Using NewsHour Extra Feature Stories

 

Overview: NewsHour Extra feature stories can help students identify and interpret key issues in current events. This activity anticipates one class period, but the follow-up essay might be assigned as homework or in another period.

Warm Up: Use initiating questions to introduce the topic and find out how much your students know.

Main Activity: Have students read NewsHour Extra's feature story and answer the questions on the reading comprehension handout.

Discussion: Use discussion questions to encourage students to think about how the issues outlined in the story affect their lives and express and debate different opinions.

Follow-up: Students can write a 500-word editorial on the topic expressing their views and send it to NewsHour Extra [extra@newshour.org] for possible publication.

Evaluation: Students are graded on their answers to reading comprehension questions and/or their editorial.

 

Story: Sept. 11 Co-conspirator Could Get Death Penalty, 04/05/06
http://www.pbs.org/newshour/extra/features/jan-june06/moussaoui_4-03.html


Initiating Questions:

1. What happened on September 11, 2001?


2. Who were the hijackers behind the September 11 attacks?


3. Has anyone been arrested in connection with the attacks?


Reading Comprehension Questions: (click here for printout)

1. Who is Zacarias Moussaoui?

Zacarias Moussaoui,, the alleged 20th hijacker and admitted al-Qaida operative, is eligible for the death sentence for his role in the attacks of Sept. 11, 20001 -- even though he was in jail at the time.

Moussaoui, a 37-year-old French citizen of Moroccan heritage, is charged with lying to FBI investigators and, therefore, sharing the blame for the deaths of nearly 3,000 people.

2. Why was Moussaoui arrested? How have FBI agents connected him to the September 11 attacks?

Moussaoui was arrested in August 2001 after he raised the suspicion of instructors at a Minnesota flight school by asking to learn to how to fly -- not takeoff or land -- a Boeing 747.

The flight school turned his name over to the FBI, which detained him on immigration charges while they investigated his potential connection to terrorism.

Fellow inmates of Moussaoui said when he learned of the 9/11 attacks, he cheered.

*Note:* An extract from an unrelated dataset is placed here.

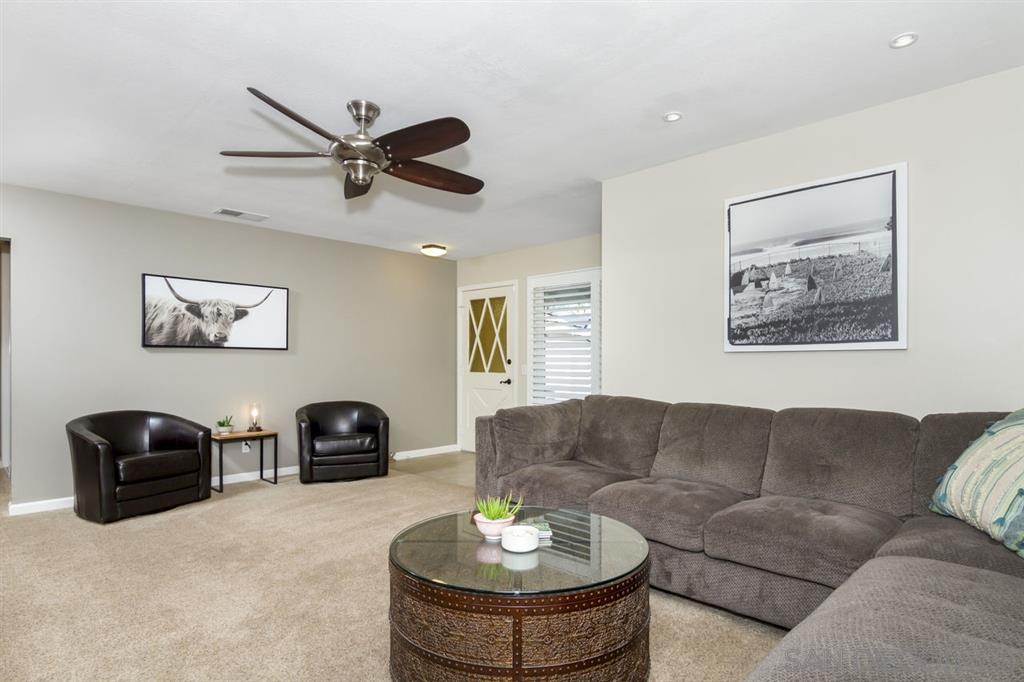 4081 Via Rio Avenue Oceanside, CA 92057 - Photo 3 of 24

At that point, Moussaoui became a material witness to the attacks and has been in jail ever since.

3. Why does the Justice Department argue that Moussaoui should get the death penalty?

The Justice Department argued that even though Moussaoui did not take part in the actual attacks, he deserves to die because he refused to reveal details that might have prevented the attacks.

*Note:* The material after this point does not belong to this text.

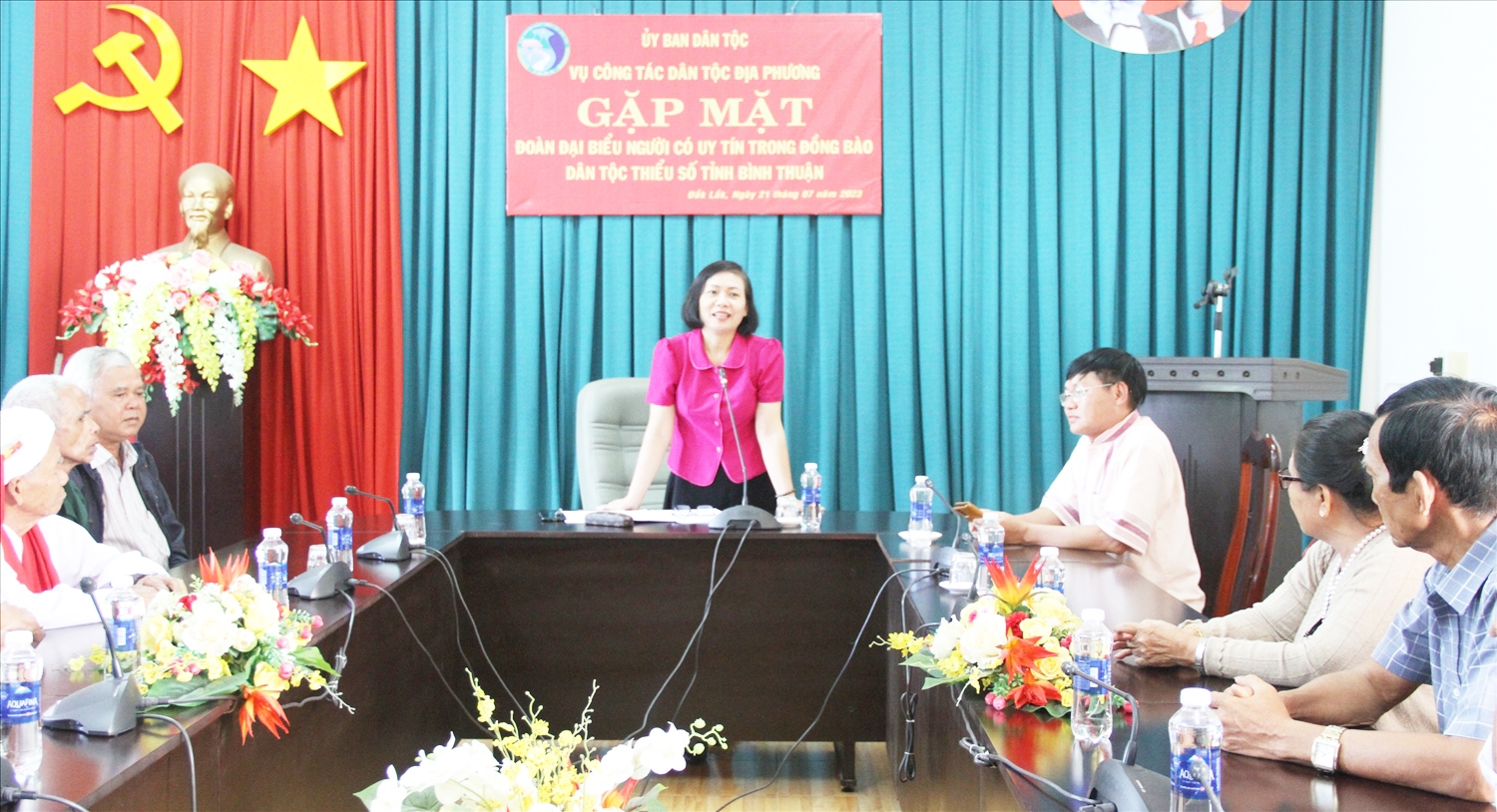 Phó Vụ trưởng Vụ Công tác dân tộc địa phương Phạm Thị Phước An phát biểu tại buổi gặp mặt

His lies "made him just as guilty as if he were at the controls of one of those planes," prosecutors told the jury during the trial.

4. What has the trial revealed about mistakes made by the FBI leading up to September 11?

During the trial, defense lawyers were able to reveal embarrassing details of how the government mishandled the case, including just how close Minnesota FBI agents came to unveiling the plot.

Minnesota agent Harry Samit testified he sent as many as 70 messages warning his superiors about Moussaoui, but that his warnings were ignored.

When local FBI agents arrested Moussaoui, they found flight manuals for a Boeing 747, a flight-simulator computer program, binoculars, knives, fighting shields and a laptop computer.

However, constitutional protections against unlawful search and seizure prevented the FBI from searching the computer.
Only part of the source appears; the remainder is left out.